A franchisee is a small business unit which purchases the right to use big business trademarks, brands, and other trademarked knowledge to sell the same brand.
Franchisees are independent operators of third-party outlets known as franchises.
It is a very common way of doing business as it allows an individual brand to spread its stores far and wide, sometimes in every nook and corner of a city. For example, McDonalds operates through franchisees in every part of the world. There can be huge business opportunities available in all industries.
When a business wants to spread out and garner more market share and increase its geographical presence, it can take the route of franchise for its products. The franchisor is the original business owner who sells the right to use its name and idea. The franchisee is the individual who buys into the original company by purchasing the right to sell the franchisor’s goods or services under the existing business model and trademark.
Why Become a Franchisee?
There are several advantages to start a franchise. It is ideal profession for businessmen with little or no experience because the cost of opening a franchise is low as compared to start a full company. Opening a franchise requires very little capital and franchisees are always under the supervision of the franchisor, so get a lot of help, guidance and feedback.
Franchisee and Franchisor Relationship
A franchisee and franchisor relationship is that of a mentor and student. The franchisor keeps guiding them regarding business strategies. The franchisee even provides advice on the best place/location to set up the operation so that the franchisee faces minimal competition. In return, the franchisee pays a start-up fee, plus a percentage of the gross revenues to the franchisor.
How does a franchisee work?
A franchisee must follow a business model that the Company has already prepared and put in place. That helps in maintaining a consistency in operations throughout other locations. All the marketing campaigns must be in line with the prior approval and comply with the franchisor’s directions. The franchisee must get the approval of the parent company before releasing them.
As the manager of the franchise, the franchisee is supposed to protect the brand name and keep the quality standards.
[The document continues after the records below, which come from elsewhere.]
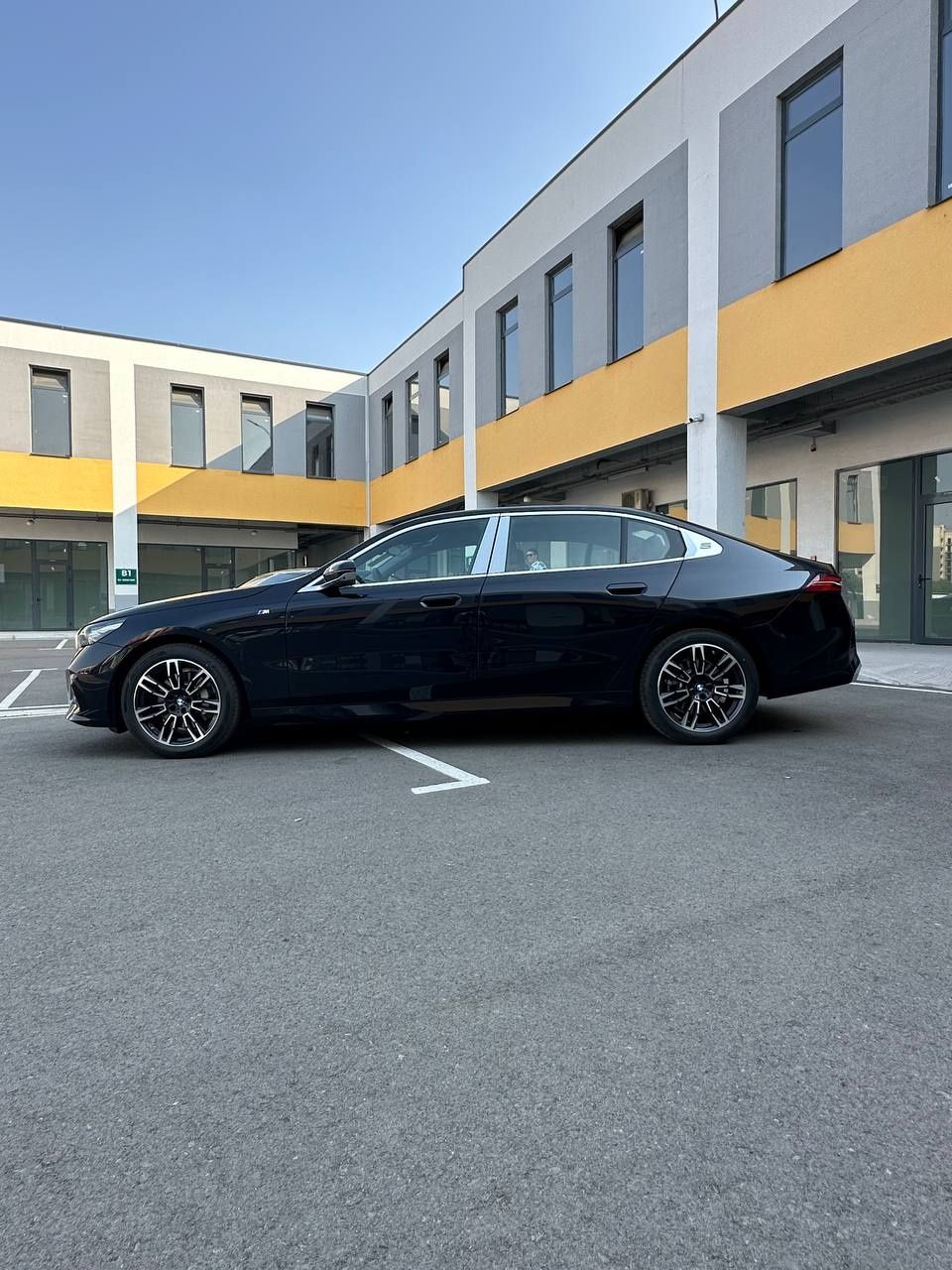 BMW I5 530LI 2.0 Turbo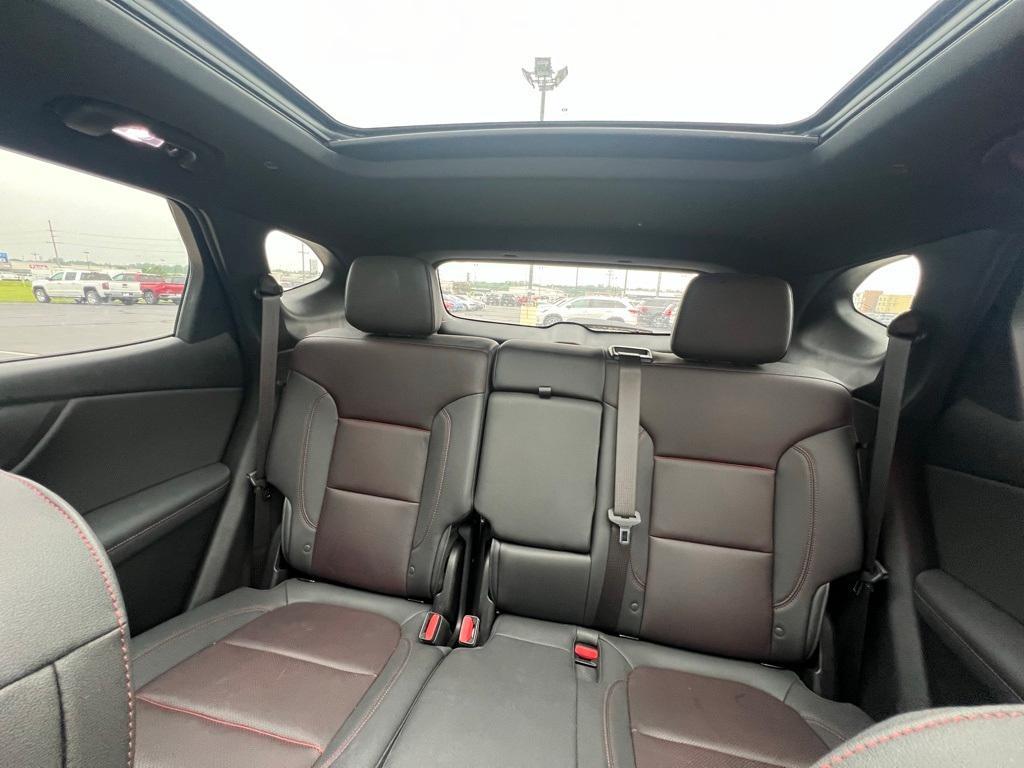 used 2023 Chevrolet Blazer car, priced at $33,995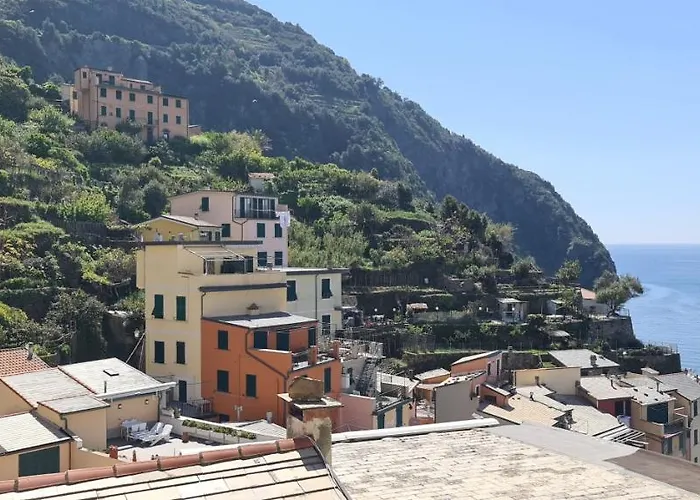 House Of Miti - Homy 5 Terre Riomaggiore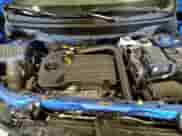 2024 Chevrolet Equinox RS with VIN 3GNAXWEG6RS232690, listed as a Copart auction lot 84030015 with 17,774 mi miles and Clean title. Bid and sale history available at DreamBid. Image 16.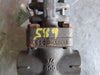 SMITH 3/4" Class 800 Gate Valve API 602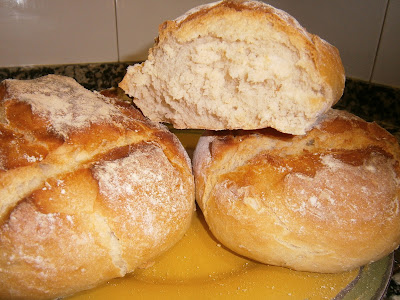 PAN CASERO (Tradicional y Fácil)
The businesses that are being operated in many states and countries other than their home states have to pay a tax for conducting business in other states, which is referred to as Franchise Tax.
Is a franchisee an owner?
Technically, a franchisee is a small business owner who operates a franchise. The franchisee pays a fee to the franchisor for the right to use the business's already-established knowledge and products. He receives continuous guidance and support from the franchisor, but he is a business entity.
Is there a legal document between the franchisor and franchisee?
A Franchise agreement is a legally binding document between the two parties. It’s a document that gives franchisor’s terms and conditions to the franchisee. Every franchisee is governed by these terms and conditions and is outlined in a written agreement between them.
The agreement between the franchisor and the franchisee governs everything about how the franchise will be run and also what can a franchisee expect from a franchisor.
What Is a Franchise Agreement?
In the United States, a business becomes a franchise if it follows the FTC Franchise Rule. In other countries also there must be similar acts and rules governing the franchisor and franchisee agreements. General terms of the agreement spell out the following things:
- The franchisee’s business is substantially associated with the franchisor's brand. They share the common brand name to conduct the business.
- The franchisor exercises control or provides assistance to the franchisee to conduct business.
- The franchisor receives a fee from the franchisee for using the trademarks and brand of the franchisor.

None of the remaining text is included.